Aile, eğitim ve öğretimin ilk basamağıdır. Çocuk bir çok bilgiyi, insanlara karşı nasıl davranılması gerektiğini ve terbiyeyi aile ocağında öğrenmeye başlar. Bu öğrenme anne ve babanın doğrudan anlatmasıyla olmayabilir. Çünkü çocuklar çok iyi bir gözlemleyici ve taklitçidir. Anne-babanın herhangi bir olay karşısındaki tavrını veya davranışını çocuklar doğru olarak kabul edebilir. Bu doğruyu büyüyünceye kadar devam ettirir. Hatta günümüzde bir çok anne ve babanın ailesinde gördüğü alışkanlıkları ve uygulamaları devam ettirmektedir.
Ama bu alışkanlıkların ve öğretilerin bazısı iyi olduğu gibi, bazısı da kötüdür. Mesela, eskiden hatırlar mısınız, bilmiyorum? Akşam ezanı okunduğu vakit bütün aile bireylerinin evde olması gerektiğini öğütleyen anne-babalar vardı. Çocuklar maçlarını yarıda bırakıp evlerine koşarlardı. Bu bozulmayan bir kuraldı. Kurala uymayan bir çocuk, babası tarafından cezalandırıldı. Bu tür alışkanlıklar güzeldi. Sofra başında aile bireyleri buluşurlardı. En azından birbirlerine hal-hatır sorarlardı. Aile içinde bir iletişim gerçekleşirdi. Aile içinde uygulanan iyi alışkanlıkların yanında kötü olanları da olabilir. Bunun yanında insanlara yardım etmeyi iyi görmeyen bir anne-babanın çocukları da büyünce bu fikrin etkisi altında kalacaktır. Bir ailesi olduğu zaman bu alışkanlığı devam ettirecek ve çocuklarını öyle yetiştirecektir.Bazı anne ve babaların çocukları ile iletişimi o kadar zayıftır ki çocuğun o kadar çok anlatacak şeyi olduğu halde çocuğuna bu fırsatı vermemektedir. Yani çocuğunun konuştuklarını, belki işinin yoğunluğundan dolayı belki de geçim telaşesinden dolayı dinlemeyecektir.Böylece çocuğunun pısırık yetişmesine sebep olmaktadır. Sonra da ‘Benim çocuğum niçin böyle.’diye, kendi kendine dövünmektedir. Ama nafile dövünmedir bu. Çünkü bu sorunun tek çözümü var. O da çocuğunuzla konuşmaktır, iletişim kurmaktır.
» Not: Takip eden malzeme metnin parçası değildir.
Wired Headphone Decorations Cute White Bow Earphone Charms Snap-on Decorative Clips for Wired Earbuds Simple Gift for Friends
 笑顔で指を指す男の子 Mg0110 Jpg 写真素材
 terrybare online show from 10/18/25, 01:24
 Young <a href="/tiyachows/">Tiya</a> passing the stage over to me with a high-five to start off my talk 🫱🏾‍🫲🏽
Bu yüzyılda okullarda yaşadığımız problemlerden biri de çocuğun ailesi olan iletişimsizliğidir. Çocuğuyla usandırmadan, bunaltmadan ilgilenen, yeri geldiğinde arkadaş olan anne ve babaların çocukları bir çok problemin üstesinden kolayca gelebilmektedir. Dersi ile alakalı bir problem olduğu zaman ailenin yardımı ve çocuğun gayreti sonucunda sorun ortadan kalkıveriyor. Ama annesi babası ayrı olan çocuklar, annesi veya babası olmayan çocuklarda bu problemleri çözmek hiç kolay olmuyor. Bu tür çocuklarda hem terbiye eksiği hem de ruhsal bozukluklar ortaya çıkıyor. Tabi bu saydığımız özellikler eksik olunca bu öğrencinin okulunda başarılı olması beklemek hayal oluyor. Bu durum bize aile müessesinin ne kadar önemli olduğunu gösteriyor. Anne-baba şefkatinden, terbiyesinden yoksun çocuklar geleceğimiz adına büyük bir tehlike arz ediyor. Bu durumdaki çocukların diğer çocuklarla ve öğretmenleriyle olan iletişimini de bakacak olursak sorunlu olduğunu görürüz. Bu çocuklar kavgacı bir hususiyete sahiptirler. Yanındaki arkadaşıyla anlaşamazlar. Daima basit şeyleri problem ederler. Ödevlerinde eksiklik ve derse hazırlanmama gibi sorunlar karşısında cevap veremez ve sadece susup bekler. Böyle çocuklarla özel bir şekilde ilgilenmelidir.
Aile bir okuldur. Bu okulda okumayan öğrenci, birçok problemi de sınıfa getirecektir. Bundan dolayı bu okulun öğretmenleri olan, anne ve babalara büyük iş düşüyor. Bu okulda çocuklarına çok iyi örnek olmalılar. Çocuklarıyla iletişim kurmaya özen göstermeliler. Çok işleri de olsa geleceği olan evlatlarına vakit ayırmalıdır. Belki de televizyon başında 1 saat daha az vakit geçirmelidir. Havadan sudan daha az sohbet etmelidir. Çocuğuna değer verdiğini, ona vakit ayırarak göstermelidir. Sadece kendisi konuşmamalı, çocuğunun konuşmasını da sağlamalıdır. Yapacağınız bütün bu uygulamalar çocuğunuzun sağlıklı bir birey olarak büyümesinde ve okul hayatında başarılı olmasında çok etkili olacaktır.